REPUBLIKA.CO.ID, JAKARTA -- Koordinator Forum Masyarakat Peduli Parlemen Indonesia (Formappi) Sebastian Salang menegaskan tidak ada jalan lain bagi publik untuk menjaga nilai demokrasi selain menggugat Undang-Undang tentang MPR, DPR dan DPD (UU MD3). Jalan satu-satunya menggugat UU MD3 ke Mahkamah Konstitusi (MK) ini setelah DPR akhirnya mengesahkan revisi UU MD3 yang didalamnya memuat pasal imunitas Anggota DPR, kewenangan lebih MKD dan kewenangan panggil paksa oleh DPR.
"Ini Undang-Undang MD3 sudah telanjur disahkan, bila pasal-pasal ini diketahui saat proses pembahasan ceritanya bisa lain. Tapi karena sudah disahkan, pilihannya tidak ada jalan lain UU MD3 ini harus digugat ke Mahkamah Konstitusi," ujar Salang kepada wartawan, Selasa (13/2).
Karena bagaimanapun arah UU MD3 ini akan membungkam demokrasi. Hak warga masyarakat mengkritisi kinerja DPR sebab mereka dipilih oleh rakyat dan bekerja atas nama rakyat. Bila mereka Anggota DPR tidak bisa dikritisi oleh rakyat tentu akan merusak semangat demokrasi.
Baca: 'Citra DPR akan Makin Buruk Jika Pengkritik Dikriminalisasi'.
"Karena itu saya kira pilihan gugatan ke MK itu harus diambil untuk menjaga semangat demokrasi kita," kata dia.

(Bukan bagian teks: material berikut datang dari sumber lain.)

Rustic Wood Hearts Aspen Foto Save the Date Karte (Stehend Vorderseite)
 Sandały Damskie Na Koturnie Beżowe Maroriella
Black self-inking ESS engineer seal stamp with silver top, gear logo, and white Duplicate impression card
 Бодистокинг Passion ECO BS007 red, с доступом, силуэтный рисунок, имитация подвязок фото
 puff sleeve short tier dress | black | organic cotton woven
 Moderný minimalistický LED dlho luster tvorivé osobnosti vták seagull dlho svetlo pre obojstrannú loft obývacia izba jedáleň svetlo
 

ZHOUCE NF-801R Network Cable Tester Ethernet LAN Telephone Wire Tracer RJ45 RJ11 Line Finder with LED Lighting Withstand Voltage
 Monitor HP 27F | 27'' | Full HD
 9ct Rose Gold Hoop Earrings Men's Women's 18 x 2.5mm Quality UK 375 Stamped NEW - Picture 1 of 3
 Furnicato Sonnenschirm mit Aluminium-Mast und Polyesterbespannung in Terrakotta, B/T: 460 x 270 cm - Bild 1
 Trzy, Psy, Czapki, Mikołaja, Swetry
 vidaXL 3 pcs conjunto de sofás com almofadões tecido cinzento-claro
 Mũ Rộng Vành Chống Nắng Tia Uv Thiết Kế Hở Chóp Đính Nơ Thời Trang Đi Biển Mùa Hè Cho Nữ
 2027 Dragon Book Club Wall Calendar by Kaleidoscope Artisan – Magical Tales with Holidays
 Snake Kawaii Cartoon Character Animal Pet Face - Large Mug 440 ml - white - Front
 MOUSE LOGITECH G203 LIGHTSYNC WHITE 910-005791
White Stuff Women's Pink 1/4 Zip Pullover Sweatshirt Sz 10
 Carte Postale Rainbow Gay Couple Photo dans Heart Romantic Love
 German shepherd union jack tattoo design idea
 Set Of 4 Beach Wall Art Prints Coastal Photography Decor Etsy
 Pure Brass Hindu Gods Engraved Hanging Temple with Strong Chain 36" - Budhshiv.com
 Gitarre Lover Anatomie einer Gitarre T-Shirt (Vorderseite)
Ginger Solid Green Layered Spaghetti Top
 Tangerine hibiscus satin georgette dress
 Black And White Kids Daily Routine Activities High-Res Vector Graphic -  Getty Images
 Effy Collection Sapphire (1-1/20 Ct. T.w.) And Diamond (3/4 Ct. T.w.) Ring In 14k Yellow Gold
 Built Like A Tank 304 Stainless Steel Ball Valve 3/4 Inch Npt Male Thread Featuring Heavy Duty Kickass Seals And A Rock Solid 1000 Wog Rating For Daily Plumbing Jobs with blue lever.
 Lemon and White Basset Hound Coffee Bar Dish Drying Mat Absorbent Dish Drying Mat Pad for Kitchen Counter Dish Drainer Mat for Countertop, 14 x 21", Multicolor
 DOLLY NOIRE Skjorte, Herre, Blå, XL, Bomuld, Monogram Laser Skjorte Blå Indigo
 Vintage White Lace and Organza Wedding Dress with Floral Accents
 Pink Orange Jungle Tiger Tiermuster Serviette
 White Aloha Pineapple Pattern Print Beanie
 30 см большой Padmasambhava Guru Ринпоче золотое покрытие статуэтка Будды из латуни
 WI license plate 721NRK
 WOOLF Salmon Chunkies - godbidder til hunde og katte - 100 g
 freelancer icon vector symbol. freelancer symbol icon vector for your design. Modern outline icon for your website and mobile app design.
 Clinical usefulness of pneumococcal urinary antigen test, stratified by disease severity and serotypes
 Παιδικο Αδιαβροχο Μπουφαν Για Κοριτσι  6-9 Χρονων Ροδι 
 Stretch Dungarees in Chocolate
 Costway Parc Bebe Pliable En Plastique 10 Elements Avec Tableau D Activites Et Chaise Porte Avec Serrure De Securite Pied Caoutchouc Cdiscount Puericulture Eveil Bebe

Walaupun di sisi lain, diakui Salang, ada kekhawatiran lain soal independensi Ketua MK. Suara publik yang meminta Ketua MK segera mengundurkan diri karena terkesan sangat membela DPR. Dugaan ada negosiasi politik pun menguat karena pertemuan Ketua MK dan DPR. Ini akan menjadi tantangan tersendiri.
Tapi terlepas fakta pertemuan dan desakan mundur Ketua MK tersebut. Formappi menilai siapapun yang tidak setuju dengan pasal-pasal dalam UU MD3 ada jalurnya untuk menggugat aturan ini dengan judicial review di MK.